## How to complete this task
Each line of the material below is to be written out exactly. Leave out any picture.

## Dataset
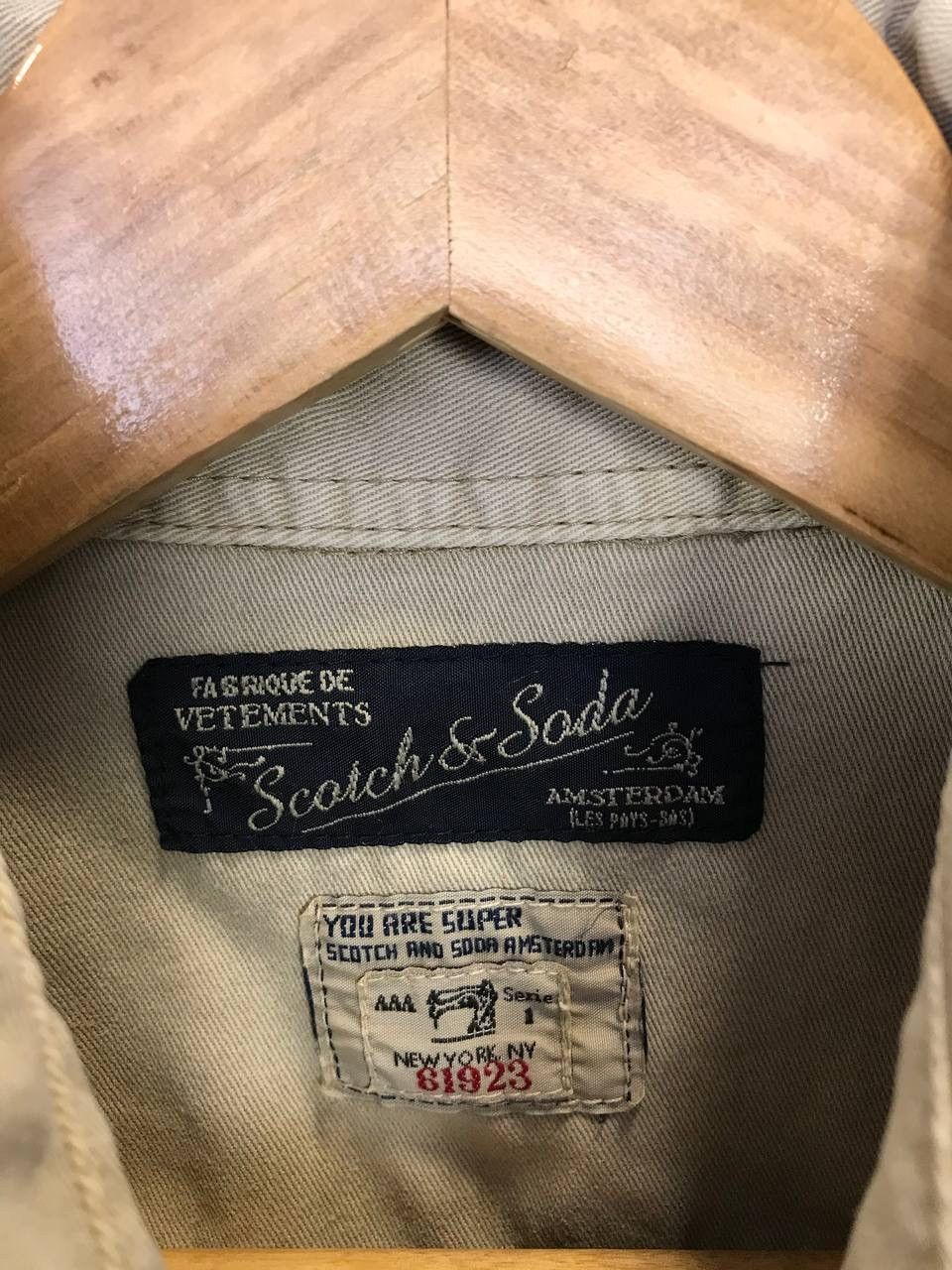 Scotch & Soda Scotch & Soda designer big logo military heavy shirt Size US S / EU 44-46 / 1 - 5 Thumbnail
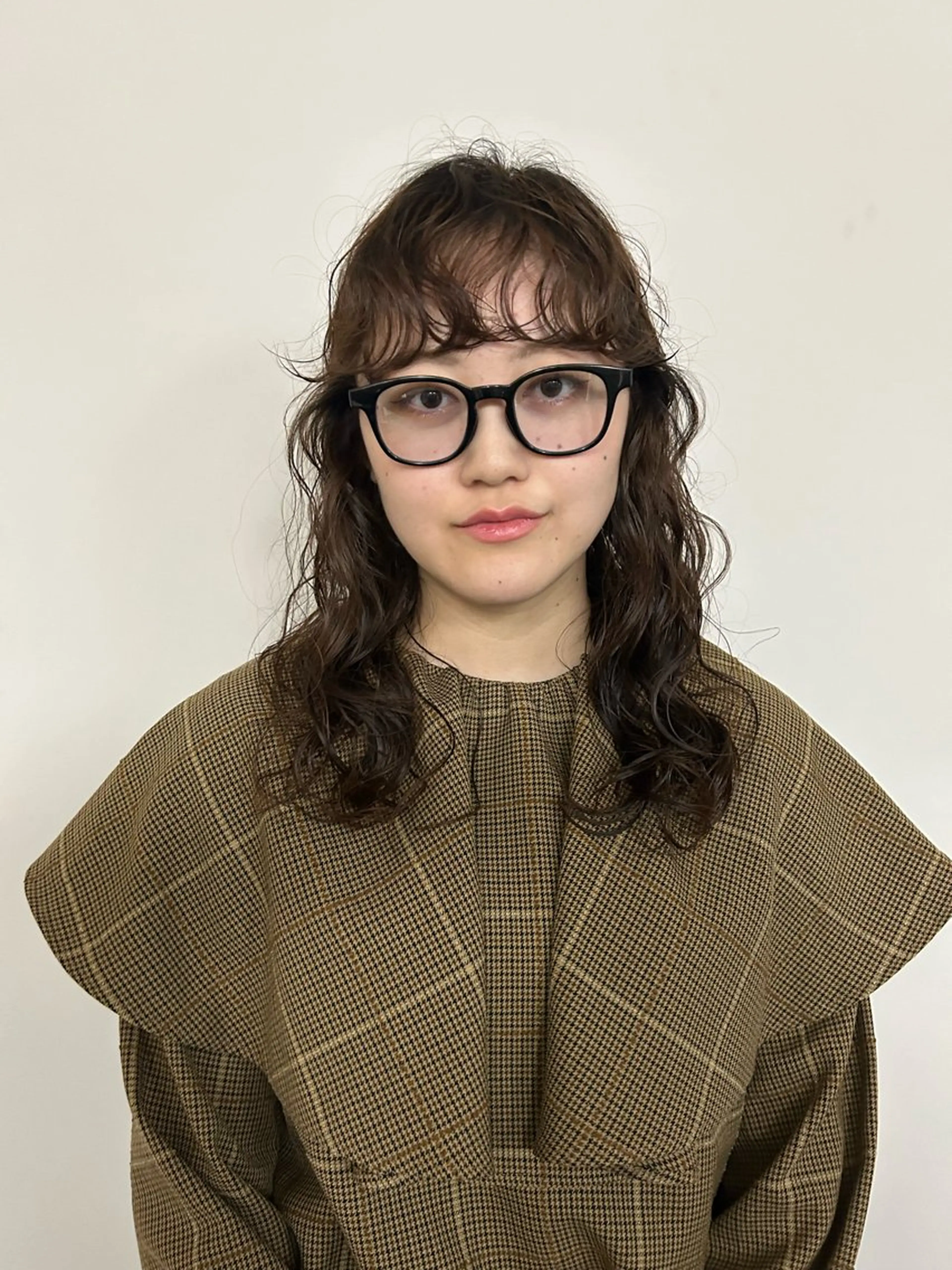 ミディアム パーマ aika/パーマ/ ショート/伏見のヘアスタイル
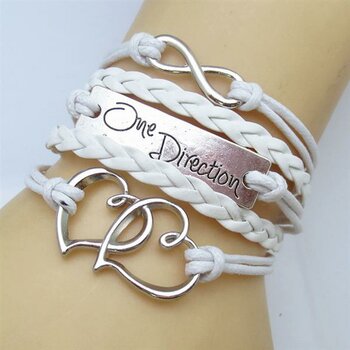 Armband Infinity One Direction LOVE wei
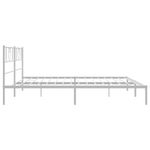 Casa si Gradina - Mobilier - Paturi si accesorii - Paturi - Cadru de pat metalic cu tablie, alb, 193x203 cm - Infinity.ro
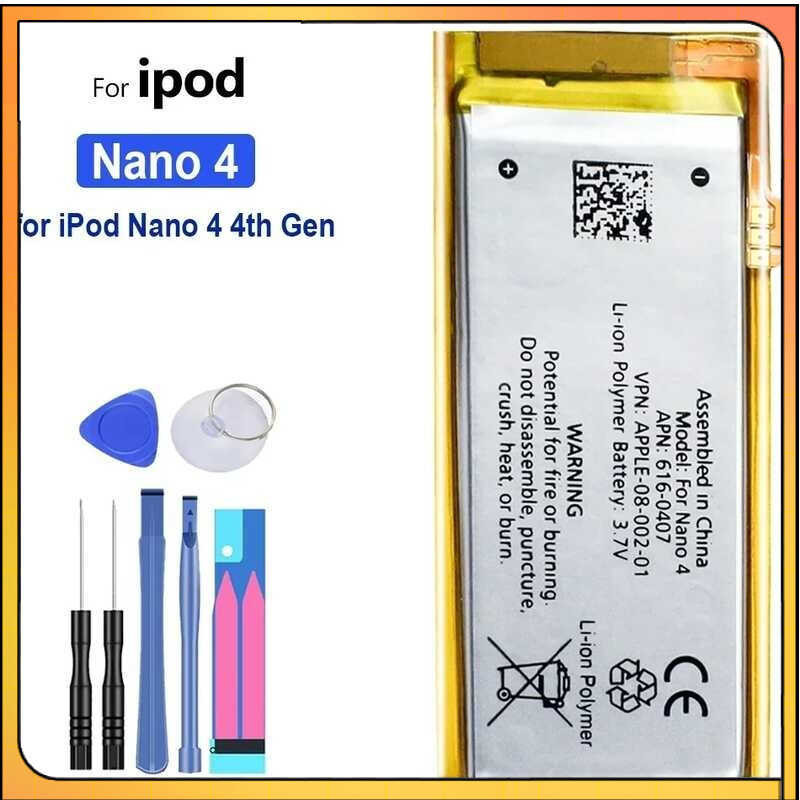 เปลี่ยนแบตเตอรี่ Nano2 Nano4 Nano5 Nano6 Nano7 สำหรับ Apple iPod Nano3 3TH 3Gen 4 5 6 7 MP3 Batra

## Written answer
 Scotch & Soda Scotch & Soda designer big logo military heavy shirt Size US S / EU 44-46 / 1 - 5 Thumbnail
 ミディアム パーマ aika/パーマ/ ショート/伏見のヘアスタイル
 Armband Infinity One Direction LOVE wei
 Casa si Gradina - Mobilier - Paturi si accesorii - Paturi - Cadru de pat metalic cu tablie, alb, 193x203 cm - Infinity.ro
 เปลี่ยนแบตเตอรี่ Nano2 Nano4 Nano5 Nano6 Nano7 สำหรับ Apple iPod Nano3 3TH 3Gen 4 5 6 7 MP3 Batra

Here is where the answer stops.